TASK ITEM »
When the line containing "For Infinix Hot" is found in the data below, copy it and each line after it through the line containing "Home 86 English", exactly and with no others.

[Start of section]

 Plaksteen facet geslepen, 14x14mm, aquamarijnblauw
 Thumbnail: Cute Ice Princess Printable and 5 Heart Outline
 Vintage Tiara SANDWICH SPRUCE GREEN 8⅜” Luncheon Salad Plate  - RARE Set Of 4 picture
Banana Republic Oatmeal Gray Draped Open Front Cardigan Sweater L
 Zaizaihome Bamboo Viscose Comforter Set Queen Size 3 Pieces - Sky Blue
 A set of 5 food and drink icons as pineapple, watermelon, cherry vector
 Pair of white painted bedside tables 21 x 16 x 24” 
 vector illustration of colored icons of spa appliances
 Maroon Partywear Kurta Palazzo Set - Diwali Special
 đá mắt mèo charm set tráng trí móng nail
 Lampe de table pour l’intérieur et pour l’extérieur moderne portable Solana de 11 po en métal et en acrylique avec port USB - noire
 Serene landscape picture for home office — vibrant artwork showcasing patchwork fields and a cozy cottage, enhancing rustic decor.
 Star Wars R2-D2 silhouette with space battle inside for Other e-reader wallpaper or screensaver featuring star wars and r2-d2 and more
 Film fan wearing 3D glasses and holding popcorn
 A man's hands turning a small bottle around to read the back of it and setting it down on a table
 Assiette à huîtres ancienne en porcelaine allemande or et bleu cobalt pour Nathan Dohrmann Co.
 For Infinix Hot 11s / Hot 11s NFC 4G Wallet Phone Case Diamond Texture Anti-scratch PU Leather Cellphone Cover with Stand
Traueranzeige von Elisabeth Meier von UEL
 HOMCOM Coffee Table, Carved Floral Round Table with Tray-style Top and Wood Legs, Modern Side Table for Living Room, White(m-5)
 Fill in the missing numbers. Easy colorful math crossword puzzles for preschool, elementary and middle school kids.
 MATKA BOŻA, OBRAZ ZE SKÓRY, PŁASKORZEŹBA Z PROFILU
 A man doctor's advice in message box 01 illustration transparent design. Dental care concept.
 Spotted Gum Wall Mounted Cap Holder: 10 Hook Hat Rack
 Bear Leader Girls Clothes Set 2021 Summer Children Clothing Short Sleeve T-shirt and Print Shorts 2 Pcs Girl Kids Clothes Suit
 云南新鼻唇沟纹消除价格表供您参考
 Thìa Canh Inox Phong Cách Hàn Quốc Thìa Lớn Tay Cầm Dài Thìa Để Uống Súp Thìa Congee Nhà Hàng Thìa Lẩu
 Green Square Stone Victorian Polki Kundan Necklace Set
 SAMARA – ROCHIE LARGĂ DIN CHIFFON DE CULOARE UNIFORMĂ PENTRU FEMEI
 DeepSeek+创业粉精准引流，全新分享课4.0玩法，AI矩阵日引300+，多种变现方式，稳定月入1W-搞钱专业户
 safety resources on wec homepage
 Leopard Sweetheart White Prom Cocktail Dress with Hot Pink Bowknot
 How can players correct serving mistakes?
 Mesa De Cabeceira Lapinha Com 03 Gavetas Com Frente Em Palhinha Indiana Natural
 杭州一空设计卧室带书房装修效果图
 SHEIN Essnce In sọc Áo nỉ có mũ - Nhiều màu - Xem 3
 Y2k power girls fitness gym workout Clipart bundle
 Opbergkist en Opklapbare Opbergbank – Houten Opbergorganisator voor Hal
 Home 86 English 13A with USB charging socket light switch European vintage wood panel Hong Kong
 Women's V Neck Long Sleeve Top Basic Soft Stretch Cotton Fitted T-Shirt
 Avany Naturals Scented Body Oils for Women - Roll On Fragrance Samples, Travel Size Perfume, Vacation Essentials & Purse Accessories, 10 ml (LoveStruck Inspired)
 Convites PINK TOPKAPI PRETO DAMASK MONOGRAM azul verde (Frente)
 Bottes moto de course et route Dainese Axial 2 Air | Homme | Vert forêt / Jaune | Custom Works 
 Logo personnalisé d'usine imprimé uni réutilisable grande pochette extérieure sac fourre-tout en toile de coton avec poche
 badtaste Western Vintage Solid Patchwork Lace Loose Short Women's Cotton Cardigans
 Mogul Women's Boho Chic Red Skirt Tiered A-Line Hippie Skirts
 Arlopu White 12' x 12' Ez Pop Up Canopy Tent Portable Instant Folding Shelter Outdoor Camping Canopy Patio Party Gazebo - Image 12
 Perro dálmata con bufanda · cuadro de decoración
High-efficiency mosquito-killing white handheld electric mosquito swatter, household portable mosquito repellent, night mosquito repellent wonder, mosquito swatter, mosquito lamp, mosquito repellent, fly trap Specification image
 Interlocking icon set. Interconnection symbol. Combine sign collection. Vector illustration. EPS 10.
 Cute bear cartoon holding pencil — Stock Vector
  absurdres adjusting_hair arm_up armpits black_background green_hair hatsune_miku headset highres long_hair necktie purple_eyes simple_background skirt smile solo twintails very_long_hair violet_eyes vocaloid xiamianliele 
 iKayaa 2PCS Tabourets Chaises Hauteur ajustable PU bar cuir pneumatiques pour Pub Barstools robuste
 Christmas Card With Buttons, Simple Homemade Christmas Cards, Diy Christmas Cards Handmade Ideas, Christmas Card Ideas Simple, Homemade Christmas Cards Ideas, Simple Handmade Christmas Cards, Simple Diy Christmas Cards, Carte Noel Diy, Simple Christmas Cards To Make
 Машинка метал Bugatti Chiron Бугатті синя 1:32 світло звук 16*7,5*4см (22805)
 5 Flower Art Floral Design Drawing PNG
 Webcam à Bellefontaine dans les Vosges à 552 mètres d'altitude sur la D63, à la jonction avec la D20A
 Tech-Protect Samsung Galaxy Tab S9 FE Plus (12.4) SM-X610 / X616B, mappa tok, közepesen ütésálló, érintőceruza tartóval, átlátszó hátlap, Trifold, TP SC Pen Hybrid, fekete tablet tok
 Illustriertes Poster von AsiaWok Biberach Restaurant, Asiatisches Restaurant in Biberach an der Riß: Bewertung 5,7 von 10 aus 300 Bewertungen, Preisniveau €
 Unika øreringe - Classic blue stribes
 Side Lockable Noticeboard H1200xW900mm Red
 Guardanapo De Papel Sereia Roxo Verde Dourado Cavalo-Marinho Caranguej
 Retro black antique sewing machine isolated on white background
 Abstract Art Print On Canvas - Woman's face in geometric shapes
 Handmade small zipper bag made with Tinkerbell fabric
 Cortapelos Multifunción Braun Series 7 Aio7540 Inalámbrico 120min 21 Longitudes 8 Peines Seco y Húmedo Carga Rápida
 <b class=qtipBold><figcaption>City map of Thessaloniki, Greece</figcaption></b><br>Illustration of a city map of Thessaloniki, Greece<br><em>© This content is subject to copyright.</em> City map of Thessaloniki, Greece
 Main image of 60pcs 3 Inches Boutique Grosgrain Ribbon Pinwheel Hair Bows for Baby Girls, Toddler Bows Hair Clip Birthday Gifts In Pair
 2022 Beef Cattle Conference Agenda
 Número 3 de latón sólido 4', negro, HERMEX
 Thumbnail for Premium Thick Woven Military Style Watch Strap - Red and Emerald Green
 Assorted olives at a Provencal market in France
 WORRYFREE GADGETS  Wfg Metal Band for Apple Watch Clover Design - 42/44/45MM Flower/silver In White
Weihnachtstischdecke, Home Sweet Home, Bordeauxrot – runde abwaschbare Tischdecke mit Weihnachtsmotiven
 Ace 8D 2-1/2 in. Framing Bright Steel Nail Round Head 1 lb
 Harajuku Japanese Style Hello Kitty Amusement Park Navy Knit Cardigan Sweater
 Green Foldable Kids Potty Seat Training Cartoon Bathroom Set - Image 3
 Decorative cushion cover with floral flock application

[End of section]

TASK RESULT »
 For Infinix Hot 11s / Hot 11s NFC 4G Wallet Phone Case Diamond Texture Anti-scratch PU Leather Cellphone Cover with Stand
Traueranzeige von Elisabeth Meier von UEL
 HOMCOM Coffee Table, Carved Floral Round Table with Tray-style Top and Wood Legs, Modern Side Table for Living Room, White(m-5)
 Fill in the missing numbers. Easy colorful math crossword puzzles for preschool, elementary and middle school kids.
 MATKA BOŻA, OBRAZ ZE SKÓRY, PŁASKORZEŹBA Z PROFILU
 A man doctor's advice in message box 01 illustration transparent design. Dental care concept.
 Spotted Gum Wall Mounted Cap Holder: 10 Hook Hat Rack
 Bear Leader Girls Clothes Set 2021 Summer Children Clothing Short Sleeve T-shirt and Print Shorts 2 Pcs Girl Kids Clothes Suit
 云南新鼻唇沟纹消除价格表供您参考
 Thìa Canh Inox Phong Cách Hàn Quốc Thìa Lớn Tay Cầm Dài Thìa Để Uống Súp Thìa Congee Nhà Hàng Thìa Lẩu
 Green Square Stone Victorian Polki Kundan Necklace Set
 SAMARA – ROCHIE LARGĂ DIN CHIFFON DE CULOARE UNIFORMĂ PENTRU FEMEI
 DeepSeek+创业粉精准引流，全新分享课4.0玩法，AI矩阵日引300+，多种变现方式，稳定月入1W-搞钱专业户
 safety resources on wec homepage
 Leopard Sweetheart White Prom Cocktail Dress with Hot Pink Bowknot
 How can players correct serving mistakes?
 Mesa De Cabeceira Lapinha Com 03 Gavetas Com Frente Em Palhinha Indiana Natural
 杭州一空设计卧室带书房装修效果图
 SHEIN Essnce In sọc Áo nỉ có mũ - Nhiều màu - Xem 3
 Y2k power girls fitness gym workout Clipart bundle
 Opbergkist en Opklapbare Opbergbank – Houten Opbergorganisator voor Hal
 Home 86 English 13A with USB charging socket light switch European vintage wood panel Hong Kong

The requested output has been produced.